Brazil’s in crisis and this Blue-Collar town couldn’t be happier

aNCHOR - fRNCA - BraZIL copy

Bloomberg

Not many people in Brazil look back on the crisis-plagued years from the late 1980s to the early 1990s as a golden era. But the people of Franca do.
The country’s capital for men’s footwear is among large sections of Brazil that watched their manufacturing sectors atrophy in the emerging-market frenzy and commodities boom of the 2000s. Now the nation’s currency has collapsed, making Brazilian exports cheaper, and Franca is looking ahead to better days.
On a recent walk through this town of 300,000 in southeast Brazil, it wasn’t hard to find businesses plotting a comeback, even as companies including retail giant Wal-Mart Stores Inc. and Citibank Inc. contract or exit Brazil completely. The local optimism, echoed by carmakers and other industries across the country, is a rare bright spot for a nation stuck in the worst recession in a century.
“This could be a turning point,” said Giuliano Gera, the 38-year-old founder of shoemaker PG4. Even as Brazil’s slump deepened, his revenue rose by a third to 25 million reais ($6.6 million) in 2015, and he expects another 20 percent jump this year, he said. “The real at the level we’re seeing now is great for us.”
There are any number of reasons why manufacturing crumbled in recent decades, from costly and burdensome regulations to the government’s preference for trade ties with China over the U.S. But many agree the overvalued real was the key culprit. It more than doubled between the end of 2002 and mid-2011, eclipsing gains by every other major currency, and manufacturers simply couldn’t compete.
The impact was especially severe in Franca, where the shoe industry employs about one in 10 workers. The municipality’s footwear exports had almost quadrupled to $257 million in the decade through 1993, even as the nation struggled with hyperinflation that pushed it to the brink of economic collapse. But by 2015, shipments of brands such as Calvin Klein and Cole Haan had slid to $78.5 million, data from the local association of shoemakers show.
That trend was mirrored throughout Brazil and helps explain why the country has been so hard hit by the commodities bust.
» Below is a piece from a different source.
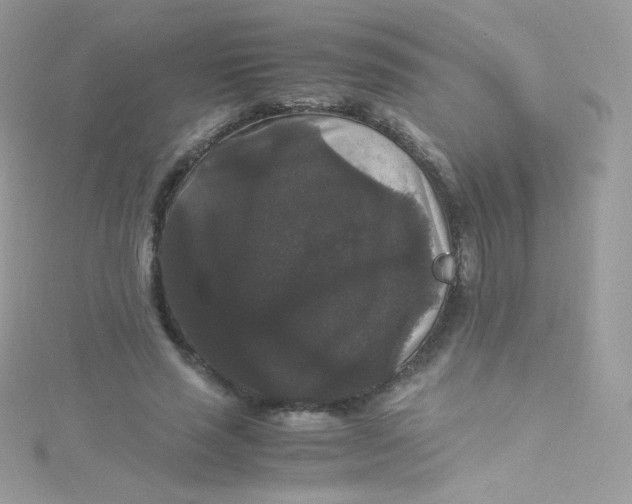 X0000115340637200911231433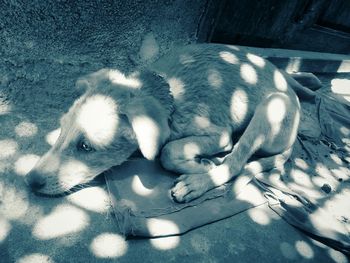 High angle view of dog sleeping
Two decades ago, manufactured goods accounted for 55 percent of exports, and commodities represented about 45 percent. By January, industrial goods had plunged to 38 percent and commodities made up almost two-thirds, according to Trade Ministry data. In 2009, China replaced the U.S. as Brazil’s biggest trade partner.
Manufacturers who lost global market share and shifted their focus to the domestic market will now face “a difficult time,” said Francisco Crizol, a commercial manager at Netto Footwear. The company is forecasting its exports will increase more than sixfold by the end of 2016.
“A lot of producers either lost the technology, the clients or the know-how to produce and sell to foreign customers,” said Jose Carlos Brigagao, president of the shoemakers union known as Sindifranca. “It’s like letting a giant fall asleep. Now it’s hard to wake it up again.” Franca’s shoemakers are courting new international clients at trade shows and trying to rebuild old relationships.